The genesis of the women's Tour
It was in this context of change and opportunity that Félix Lévitan (administrative director of the Tour de France and head of sport at the newspaper Le Parisien libéré) launched the idea of a women's Tour in 1983 (Thompson, 2006: 132). Outside the world of the Société du Tour de France, the sporting community worldwide had been recognizing that women had the right to compete in the widest possible range of events, regardless of previous biases against the ‘weaker’ sex's participation in endurance sports, and as Thompson (2006) points out, preparation for the 1984 Los Angeles Olympics had included both a women's marathon and a women's bicycle road race for the first time. Although in some ways it therefore seemed almost natural for the Tour to reflect such developments in international sport, especially at a time when media interest in covering the innovation was likely to be highly enthusiastic, there were structural and cultural obstacles to any immediate success for the Tour féminin. Culturally, French society in general and the world of cycling and of the Tour in particular were still not wholly at ease with the idea that women could (or should) compete in a sport traditionally deemed to be enormously demanding and, indeed, whose entire image had been manufactured around the notion of ‘extreme’ male physicality and suffering. Conventional interpretations of gender and gender roles still saw the Tour féminin as a difficult reconciliation of – albeit evolving – ideals of femininity and sporting effort and suffering. These issues will be discussed below in more detail, but structurally female cycling in the early 1980s was also still some way from a position of strength. Although women's cycling had been recognized by the UCI and the FFC as a competitive sport since the 1950s, its development had been slow in the 1960s and early 1970s, and even by 1982 only 1,500 women were signed up as members of the FFC (out of a total membership of over 56,000). Because of the slow growth in numbers of competitors, the range of women's races had likewise remained relatively limited, and outdated UCI regulations governing such issues as obligatory rest periods for female riders in stage-races had not been changed. So despite the feeling that the time was right for a women's Tour to be tried, its success was far from guaranteed.

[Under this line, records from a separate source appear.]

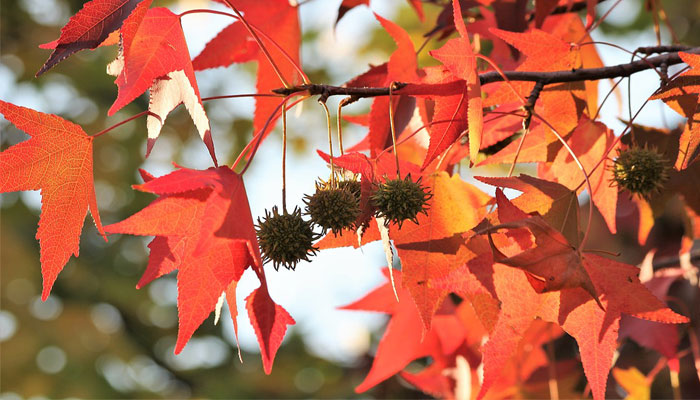 Top 10 Plantas Japonesas | Plantas De Japón Con Significado Espiritual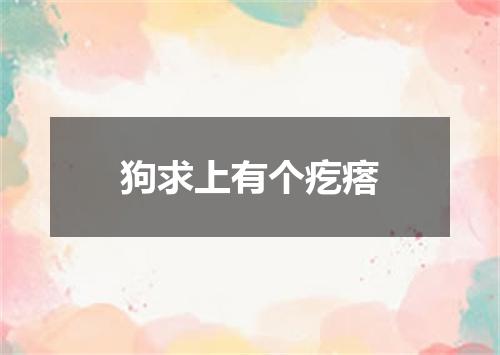 狗求上有个疙瘩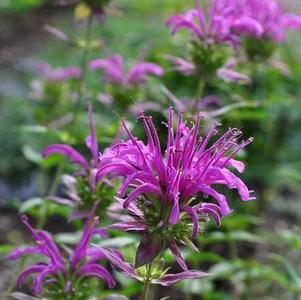 Monarda didyma 'Balbalmurp'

The inaugural women's Tour
Rémy Pigois (1986) has provided a simple account of the early years of the women's Tour, allowing us to present the main features of the event. The inaugural Tour de France féminin in 1984 attracted a starting field of 36 women, who competed in six national teams representing countries – France (two teams) and the Netherlands –where cycling and riding the Tour had long been strong male traditions, and Anglo-Saxon countries – the United States, Canada and Great Britain – where female sporting emancipation had progressed far enough and quickly enough to encourage women to participate in a version of the world's hardest cycle race. In fact, the first women's Tour should have seen a field of riders twice the size of that which took the start, as numerous potential entrants could not compete because of commitments in races elsewhere, or were keen to prepare quietly for the Olympics that followed the Tour féminin. The two strongest competitors in women's cycling in the 1980s – Maria Canins of Italy and Jeannie Longo of France – were noticeably absent from the field and the race was eventually won by the American rider Mary-Ann Martin, who beat Hélène Hage of Holland and Deborah Schumway of the USA into second and third places respectively. The race was run in 18 stages and covered a total of 1,080 km (approximately a quarter of the length of the men's Tour) at an average speed for the winner of almost 36 kph. Only one rider failed to complete the course, and the remaining 35 competitors were quite closely bunched, as the lanterne rouge took only 49 minutes longer than the winner's 29 hours and 39 minutes.
Organized between 30 June and 22 July, the women's Tour ran in parallel with the Tour de France, partially covering the route of the male professional teams. Because the women's itineraries generally used only the last 60 km of the daily route set out for the male riders, the stagefinishes of the men's and women's Tours coincided, but the start-towns differed. In addition, the women's racing was broken by five rest days – two more than permitted for the men – which were planned to allow the riders to recover from their efforts. The average stage length was 61 km, and the timings of departures and finishes were carefully arranged so that the women's race would serve as an innovative sporting distraction for the crowds lining the roads in anticipation of the passing of the Tour masculin. The women's race was thus in effect an ‘opener’ for the caravane publicitaire, itself carefully sandwiched between the two races, and this role as advertisement for the men's Tour (as well as being in general a novelty attracting media attention and debate) was somewhat reflected in the fact that the Société du Tour agreed to take on the financing of the women's race, in the absence of sufficient funding from the national cycling federation, the FFC.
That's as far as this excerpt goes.